Question to the Department for Digital, Culture, Media & Sport:

To ask the Secretary of State for Digital, Culture, Media and Sport, with reference to the National Audit Office report, Improving Broadband, published 16 October 2020, what steps his Department taking to clawback the estimated £900 million from its Openreach contracts.


Answered by
Matt Warman Portrait
Matt Warman
This question was answered on 14th December 2020

The estimated £900m clawback from Superfast contracts is made predominantly of take-up clawback. Take-up clawback is paid on contracts where the supplier achieves higher customer take-up than originally expected. Clawback is declared by the supplier at agreed annual or bi-annual take-up review points, starting after the contract build has been completed and continuing for up to 7 years. This means that the full value of this clawback is currently not expected to be returned until around 2028.

Openreach is contractually obliged to return this funding to the public purse, holding all clawback contributions in a designated “Investment Account” which will be returned to Local Bodies no later than the end of the take-up review period. Total take-up clawback to be returned to the Department will be based on the funding contribution split for each contract. That is, the funding investment ratio, which varies under each contract, will determine the amounts of clawback to be retained by the Local Bodies and the amounts they will return to the Department over the next seven to eight financial years.

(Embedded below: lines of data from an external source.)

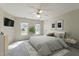 Staged main bedroom with a comfortable bed, stylish decor, and ample natural light from two windows at 725 Littleleaf Ct, Holly Springs, NC 27540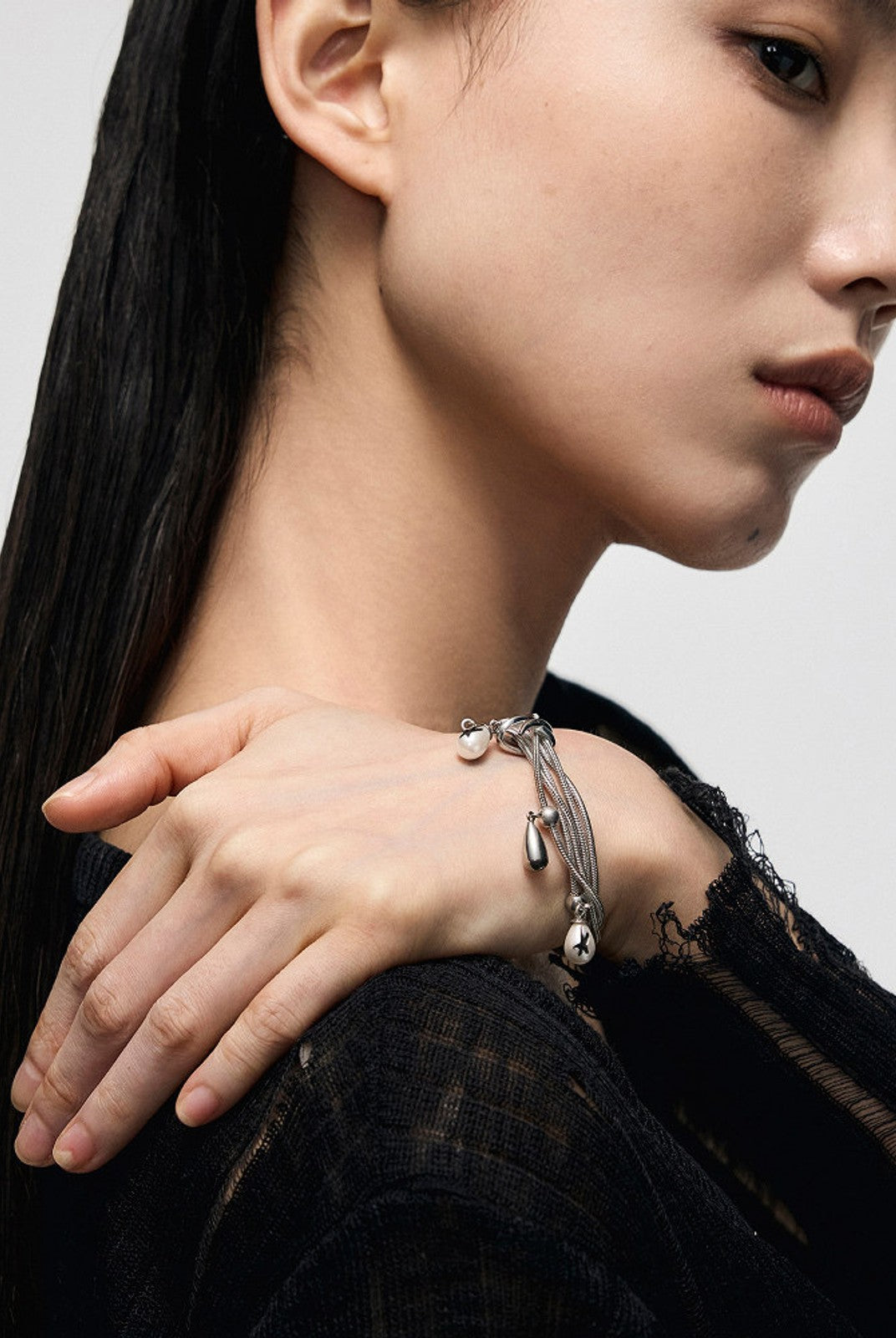 BLACKHEAD Multi Chain Teardrop Pearl Bracelet in Silver - On Female Model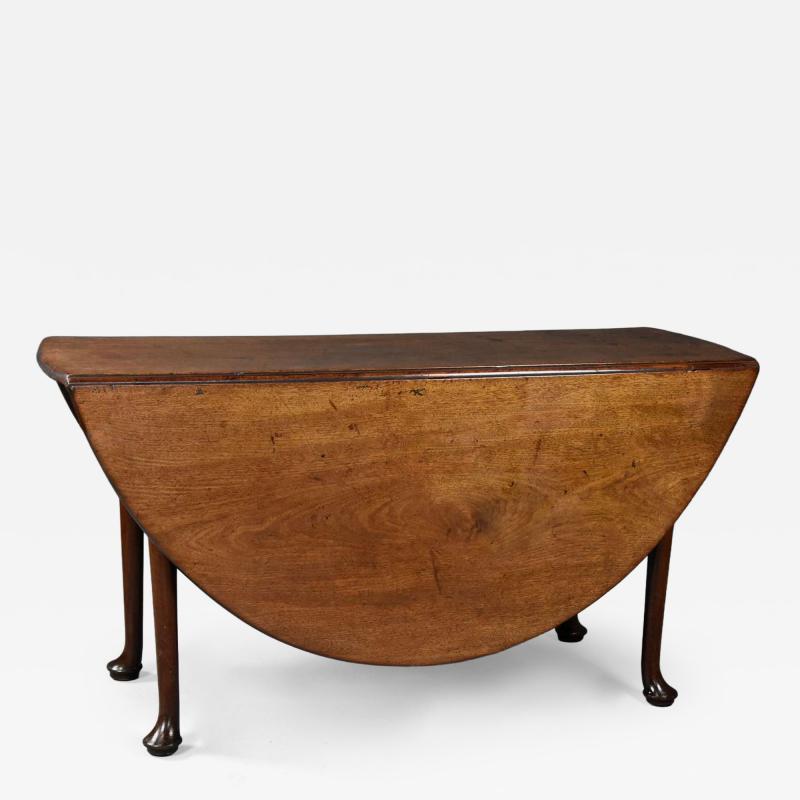 Large 18thc solid walnut drop leaf dining table of fine faded patina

While the supplier holds the cash, it attracts interest, which also must be repaid. Openreach is now choosing to make cash repayments of take-up clawback realised to date in order to avoid high interest charges.

DCMS will reclaim the Department’s portion of cash amounts repaid by Openreach to the Local Bodies, the remaining portion sits with the public purse under the ownership of the respective Local Body. We are currently in the process of identifying and validating these repayments with the aim to invoice the Local Bodies for the Department’s portion in the new year. Once received, the amounts will be returned to HM Treasury.

The other clawback is implementation clawback (also referred to as underspends). The Local Bodies will return implementation clawback after a decision to discontinue with the furtherance of delivery within their area, or when they decide to withdraw their portion from the programme to be repurposed on other priorities.